US 4953764 A
A system for use with small objects such as nails, screws and the like comprises a box dimensioned to hold a plurality of curved, lidded containers that fit easily into a carpenter's pouch or, alternatively, have a clip for use directly on a work belt. The top and the bottom of the box are latched and carried by a handle with two axes of rotation, one for unlatching and one for moving to a noninterfering position when the box is mounted to a wall to serve as a temporary shelf. The handle latches securely, both by mating with a portion of the bottom of the box and by sleeves that slide over a portion of the handle. Each container may also have an integral or removable divider for holding complementary small objects in the left and right portions of the container.

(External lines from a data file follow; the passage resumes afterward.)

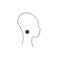 African girl profile bald head and big round earrings, Continuous one line drawing, Abstract non-binary fashion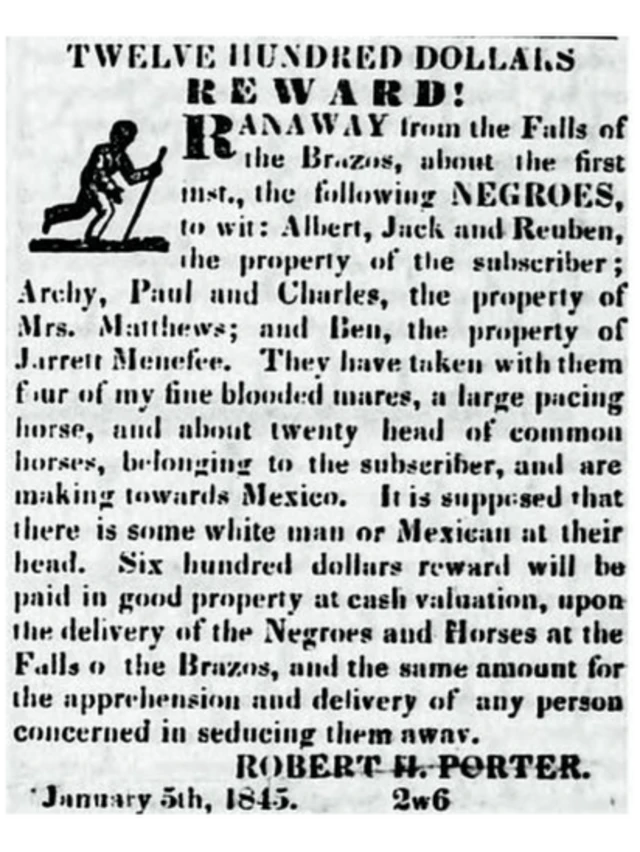 Aviso de prensa ofreciendo recompensa por la devolución de unos esclavos fugados.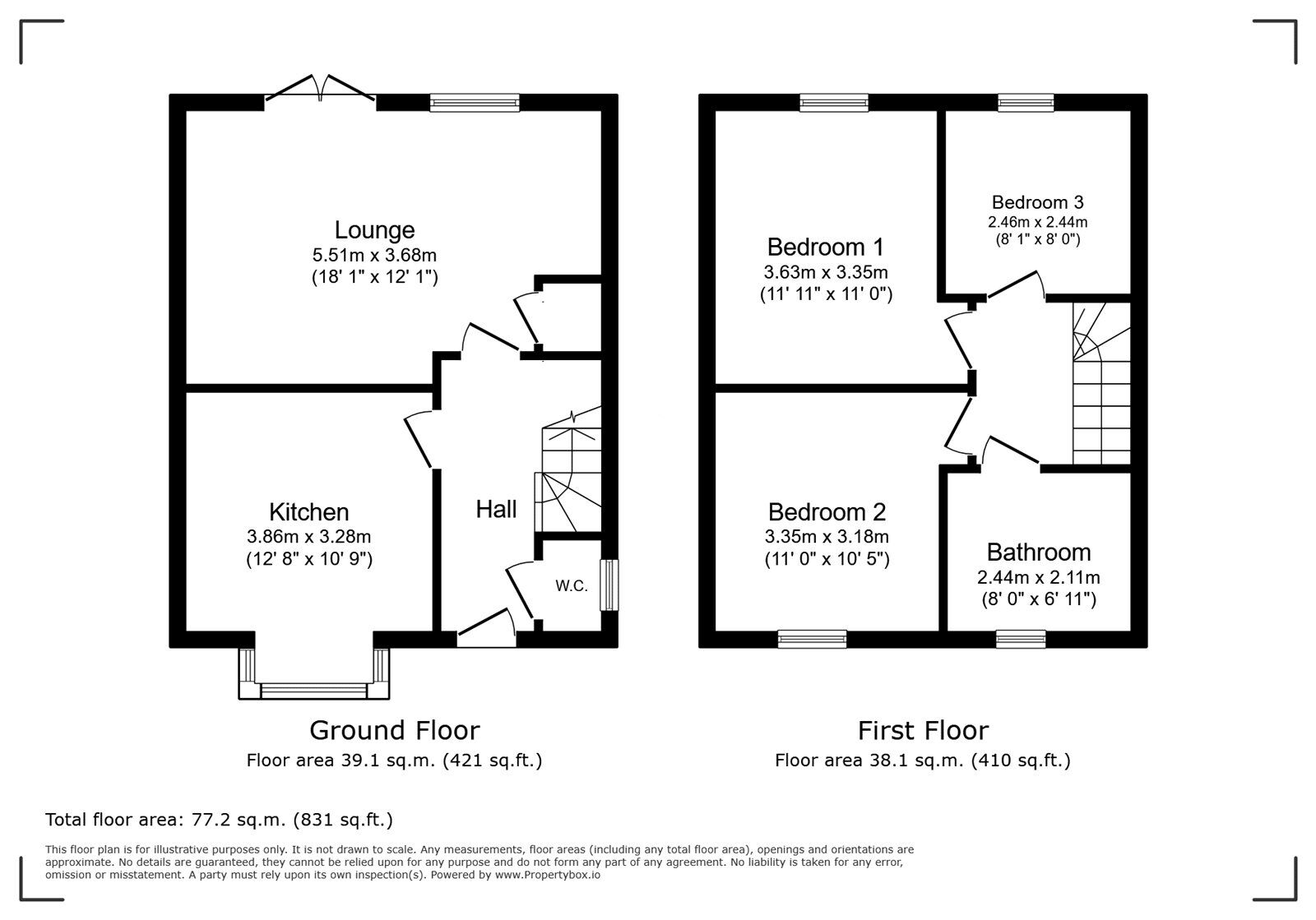 Floorplan of 3 bedroom Semi Detached House for sale, Brinklow Close, Andover, Hampshire, SP10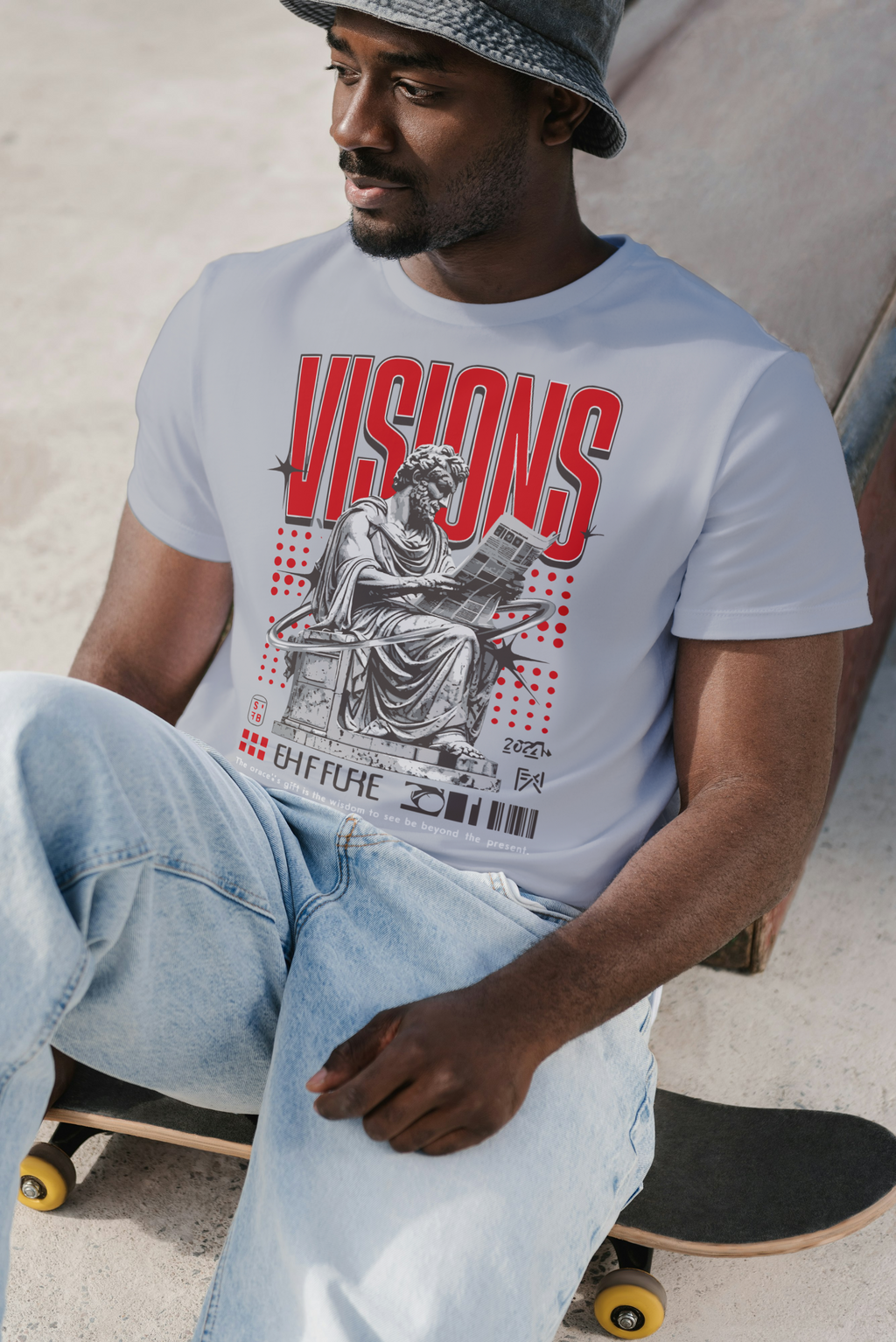 Visions Graphic T-Shirt – Greek Statue Streetwear Premium Cotton Tee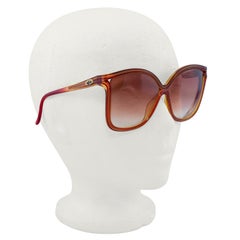 1980s Christian Dior Large Red and Gold Sunglasses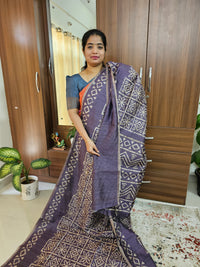 Semi Ghicha  Printed Saree - Purple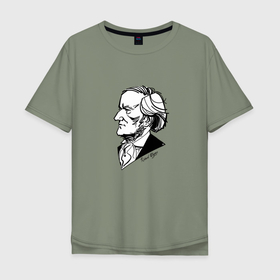 Мужская футболка хлопок Oversize с принтом Рихард Вагнер в Тюмени, 100% хлопок | свободный крой, круглый ворот, “спинка” длиннее передней части | Тематика изображения на принте: 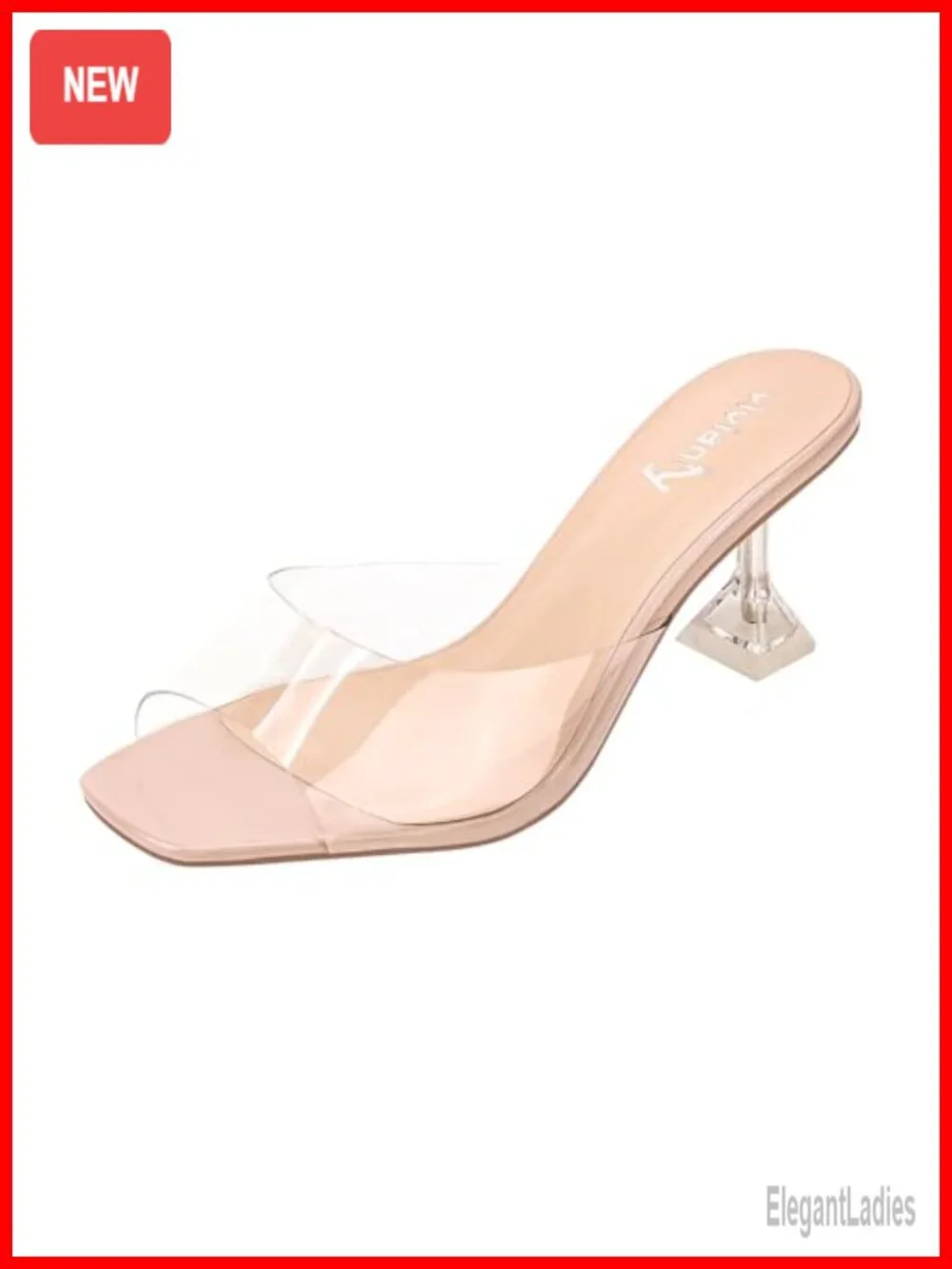 Clear Heeled Sandals Slip On Square Toe Mules for Party Wedding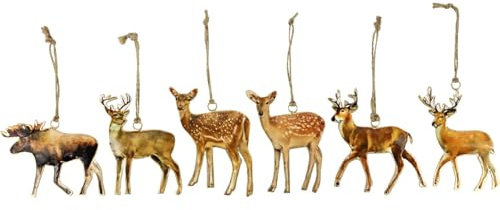 6St. Waldtiere Zierhänger REH Hirsch - aus Metall - Fensterdeko Christbaumschmuck 8 cm hoch, Deko Weihnachten Weihnachtsdeko - beidseitig Bedruckt
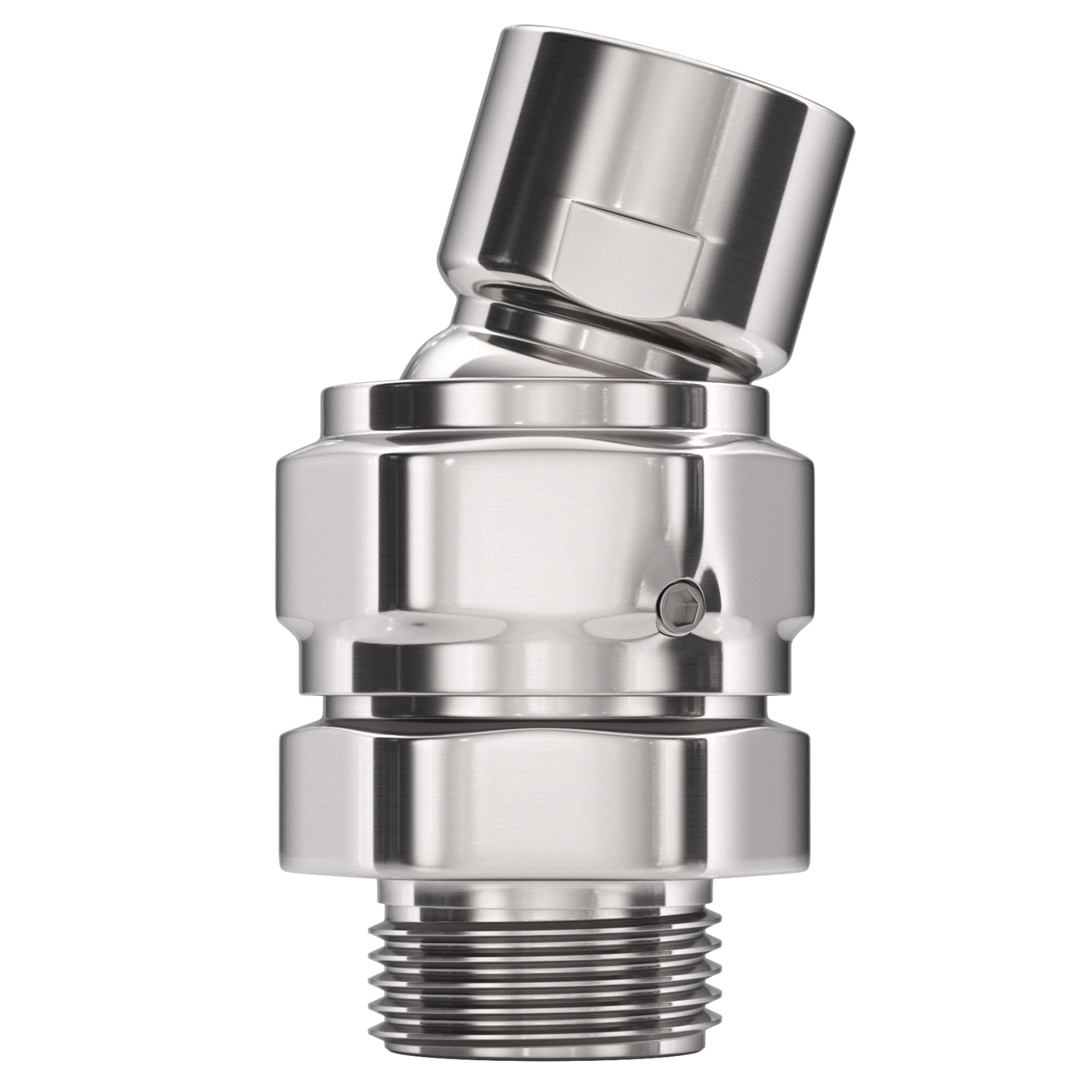 HammerHead Showers solid metal swivel adapter demonstrates easy angle adjustment for any shower
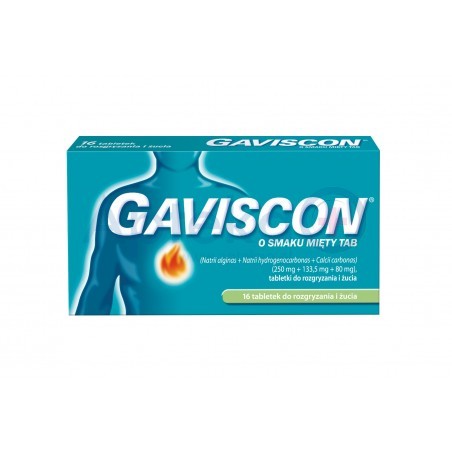 Gaviscon o smaku miętowym tabletki do rozgryzania i żucia 16 tabl.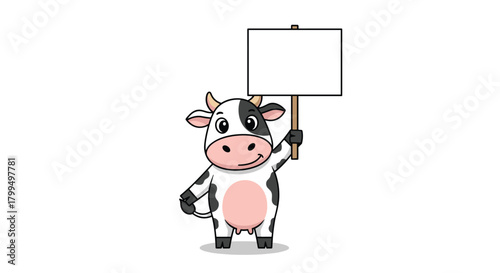 A friendly cartoon dairy cow with black and white spots stands on a white background, holding up a blank white protest sign.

1. A system for use with small objects, such as nails, screws and the like, comprising:
a plurality of containers dimensioned for holding a multiplicity of said small objects; and
a means for storing said plurality of containers,
said containers each having
a container body with a curved interior and a rim, and
a lid removably attachable to said container body, said container body and said lid removable from said storing means,
said storing means having
a lower portion dimensioned for said plurality of containers,
an upper portion opposing said lower portion, said lower portion hingedly attached thereto about a first axis on one side of said storing means to said upper portion, and
means for latching an opposing side of said storing means, said upper portion latched to said lower portion, said latching means having a carrying handle pivotally attached to said storage means, said carrying handle pivoting about a second axis from a latching position to an unlatching position and further pivoting about a third axis perpendicular to said first axis from said unlatching position to a noninterfering position with respect to said storing means.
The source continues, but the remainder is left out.